AN author's detective work into a celebrated Victorian murder has taken him to the Caribbean, where he has uncovered new evidence on the case.

The poisoning of Charles Bravo at his home, The Priory in Balham, has been one of the most enduring of murder mysteries from the period.

In his new book Death at The Priory - Love, Sex and Murder in Victorian England, Cheltenham author James Ruddick has laid out his theory.

In April 1876, Bravo had staggered out of his room crying for help. He died in agony several days later from antimony poisoning.

The ensuing inquest was spectacular. His wife Florence, they had only been married for a few months, was forced to relay details of her unhappy marriage and her previous relations with the celebrated Dr James Gully.

Florence, separated and later widowed by her alcoholic first husband, met Gully when she came for treatment at his famous water cure facility in Malvern.

They became lovers despite the difference in age and he had settled near her in Balham, staying in the area even after her marriage.

Without giving the game away, there are a number of possible suspects.

Gully has been touted as a likely candidate in some quarters. Ruddick has very little time for this theory, although Agatha Christie believed it to be him.

He examines the case against Florence, who he presents as a remarkable woman, who defied the conventions of the age by refusing to accept the lot of a Victorian wife.

There are practical problems to naming Florence as the murderer and indeed she was never charged.

There is also a reasonable case to be made against Jane Cox, Florence's housemaid who appears to have told a succession of lies to doctors and the police.

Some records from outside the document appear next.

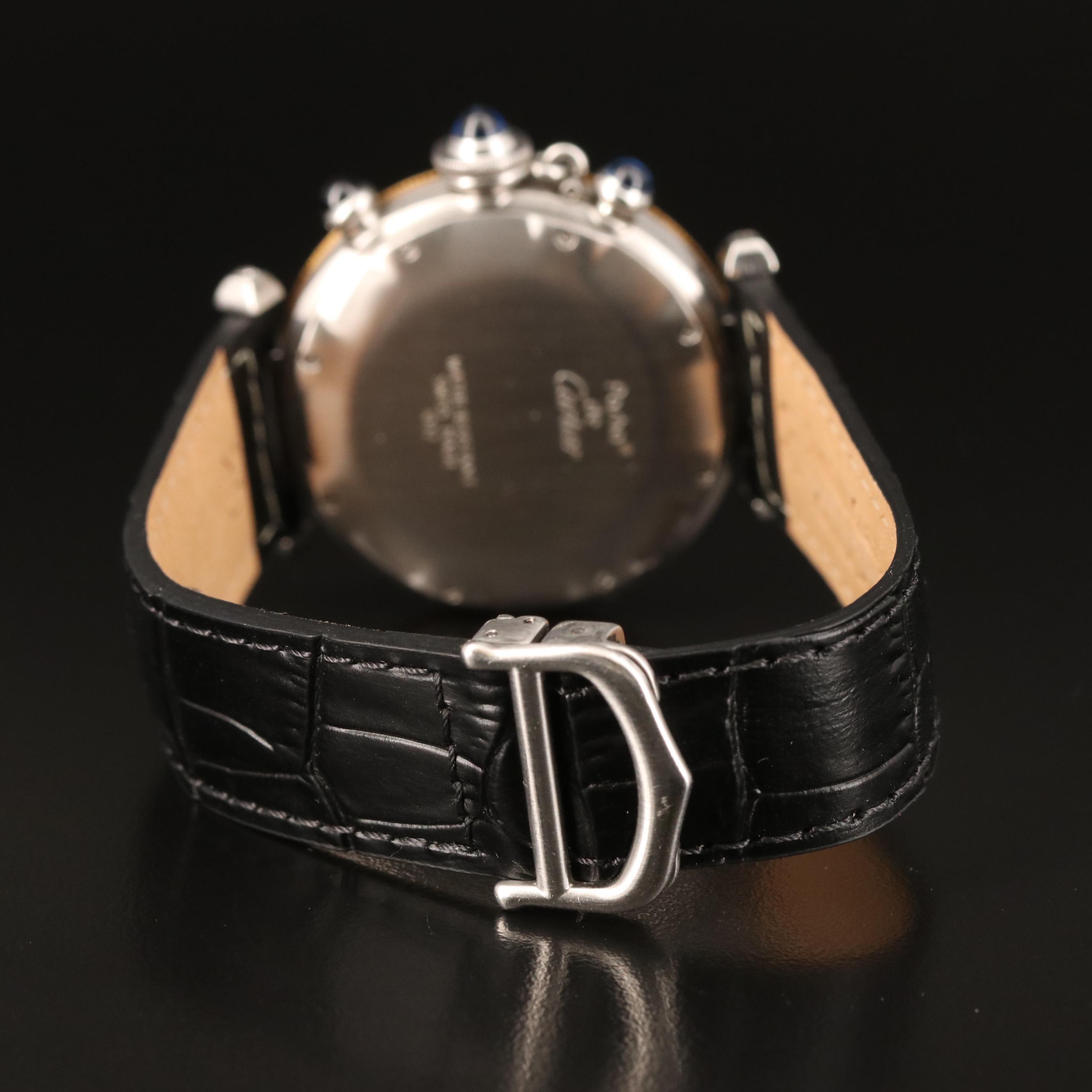 Cartier Pasha de Cartier Chronograph 18K and Stainless Steel Watch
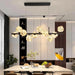 BAMDECOR AD2601 Modern 10 - Light Black Kitchen Island Light with Glass Globe Shade Ceiling Pendant Lights - Amazingooh Wholesale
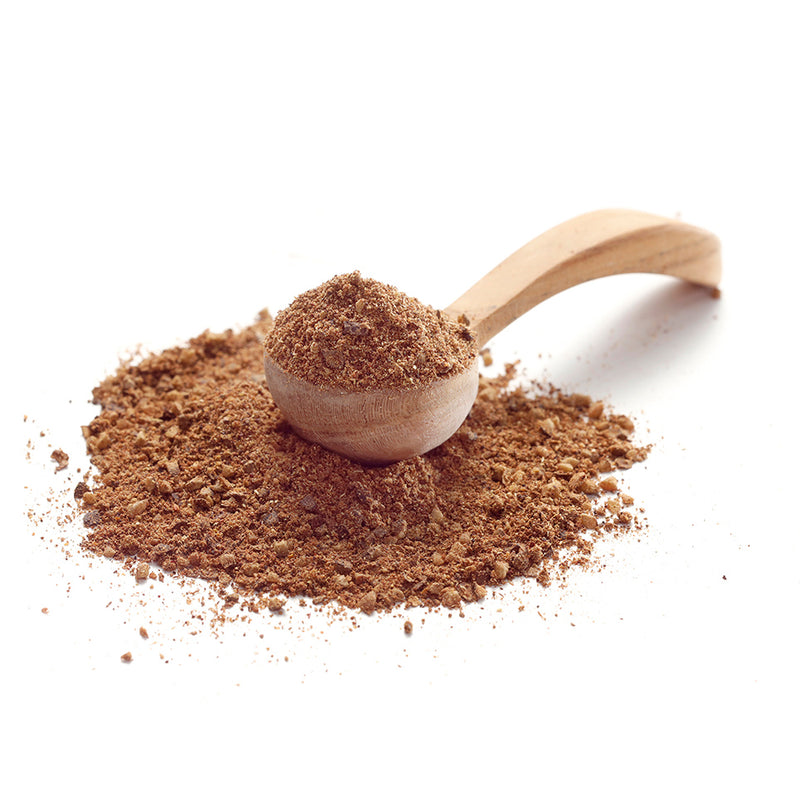 Rotkohl Gewürz von Ankerkraut als Häufchen auf einem Gewürzlöffel.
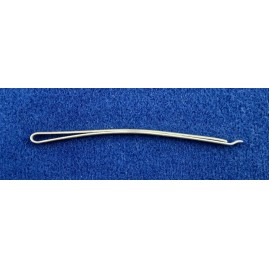 Haarschieber 70mm Messing roh glatt leicht gebogen 20 Stück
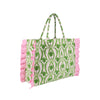 Lilly Pulitzer - Ruffle Tote - Textured Palm Stripe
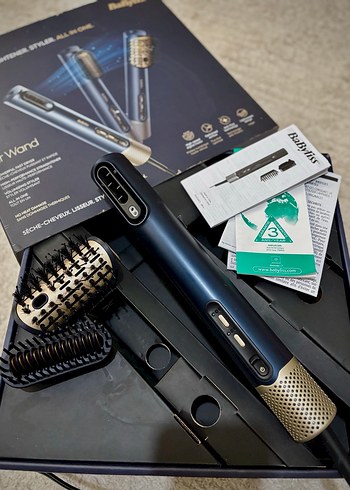 Baybliss air wand Saç Düzleştirici ve Hacim Fırçası - Görsel 2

It is here that Ruddick's new research has really started to pay off, tracing Cox to the Caribbean after the murder and finding very relevant letters in the records office at Spanish Town, Jamaica.

The letters cast very grave doubt on Cox's motive for murder but cannot account for her very strange behaviour - Mr Ruddick thinks he can.

There are plenty of references to Malvern in the book and Mr Ruddick's sources include Pamela Hurle's Portrait of Malvern, crime writer Richard Whittington-Egan and water cure authorities Dr John Harcup and Cora Weaver.

The book is published on October 4 by Atlantic Books Hardback, priced £14.99.